▶ [Work required]: Write out exactly the lines from the one containing "Munaldi Embalagens" to the end of the material, both ends included, and nothing else. Leave pictures out.

——————————

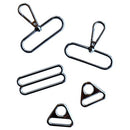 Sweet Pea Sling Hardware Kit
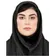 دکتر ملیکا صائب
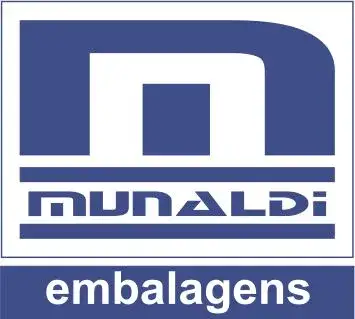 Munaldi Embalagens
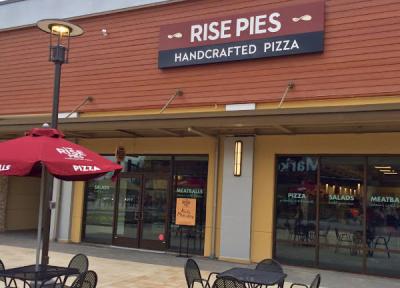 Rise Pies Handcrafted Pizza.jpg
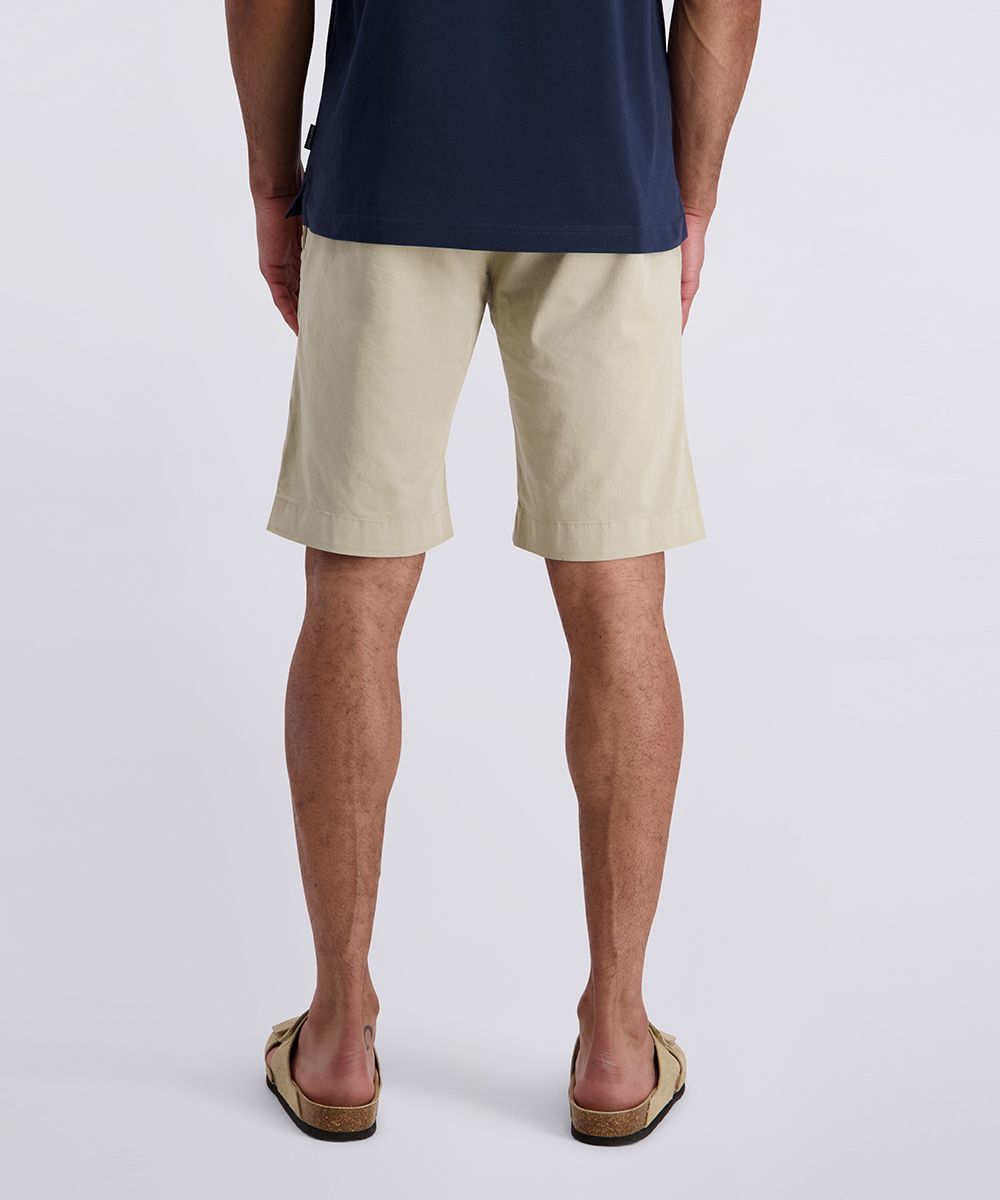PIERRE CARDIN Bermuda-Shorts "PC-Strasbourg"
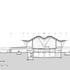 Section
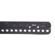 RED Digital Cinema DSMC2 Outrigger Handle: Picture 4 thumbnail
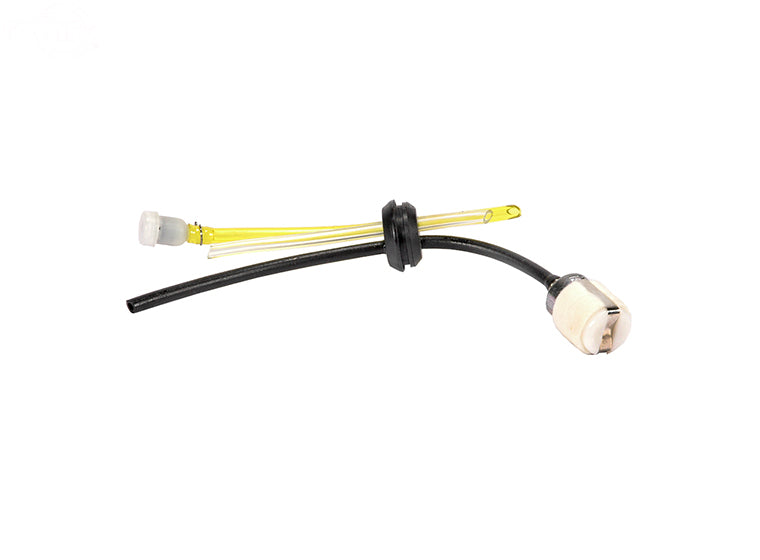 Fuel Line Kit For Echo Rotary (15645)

——————————

▶ [Solution for this problem]:
 Munaldi Embalagens
 Rise Pies Handcrafted Pizza.jpg
PIERRE CARDIN Bermuda-Shorts "PC-Strasbourg"
 Section
 RED Digital Cinema DSMC2 Outrigger Handle: Picture 4 thumbnail
 Fuel Line Kit For Echo Rotary (15645)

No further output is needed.